• [WORK TO BE COMPLETED] Take nothing but the lines from the one with "Volkswagen Polo 1.2 12V Basis - 2" through the one with "日研工作所 ZMK16-4 タップコレット" in the entries below, both ends kept, and return them exactly with pictures left out.

• [MATERIAL SHOWN]

/---

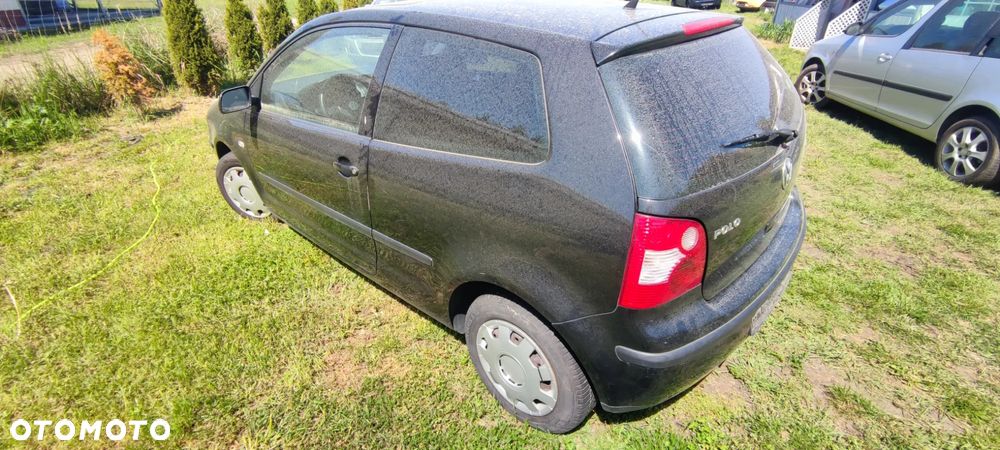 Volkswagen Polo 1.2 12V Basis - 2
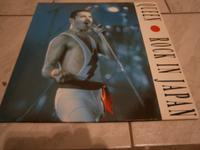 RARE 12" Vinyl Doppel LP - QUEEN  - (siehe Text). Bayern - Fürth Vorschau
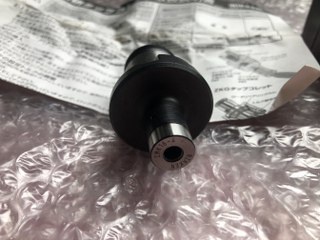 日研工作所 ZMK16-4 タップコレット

\---
/---

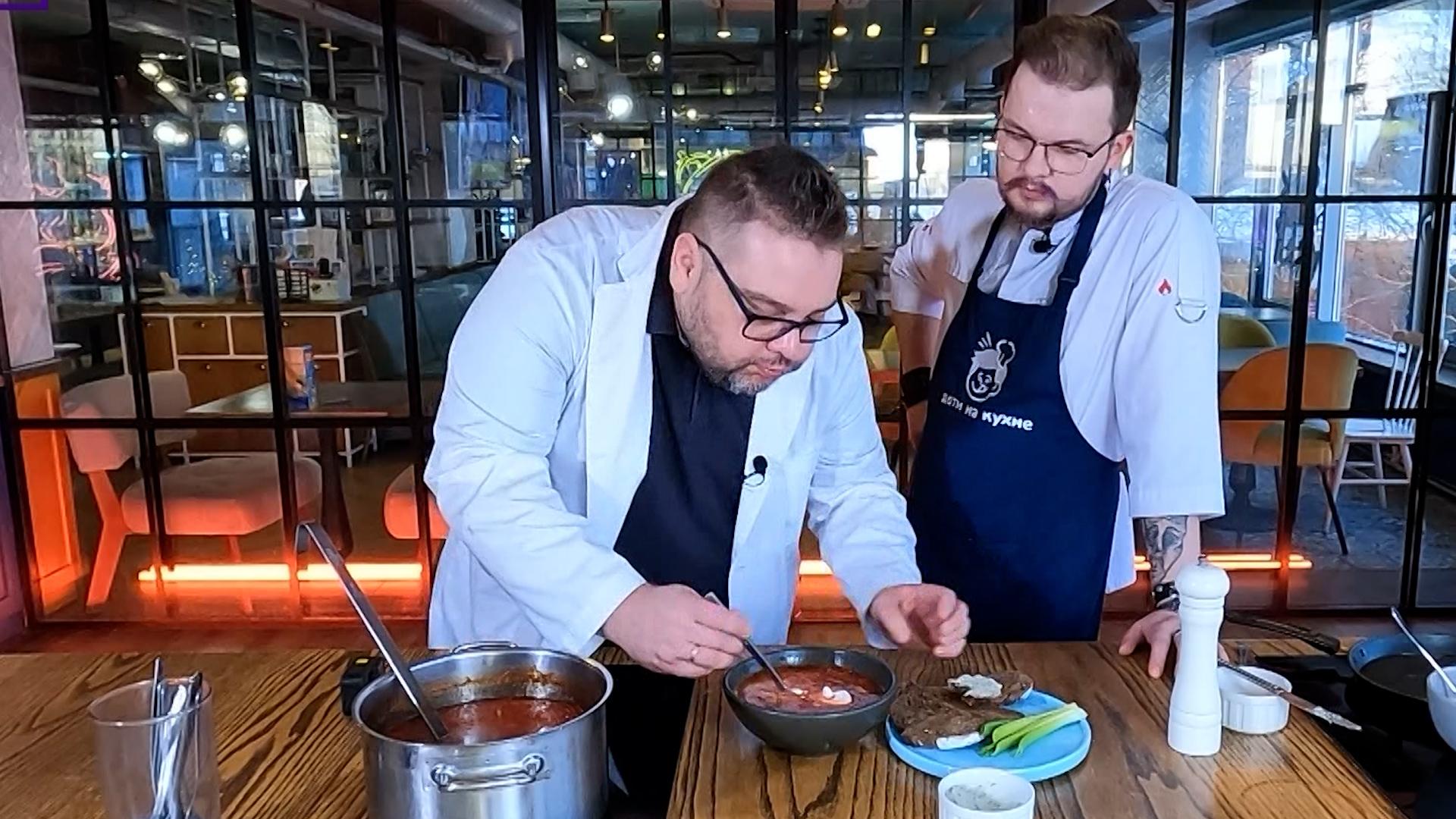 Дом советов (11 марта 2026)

\---

• [REPLY TO THE TASK]
 Volkswagen Polo 1.2 12V Basis - 2
 RARE 12" Vinyl Doppel LP - QUEEN  - (siehe Text). Bayern - Fürth Vorschau
 日研工作所 ZMK16-4 タップコレット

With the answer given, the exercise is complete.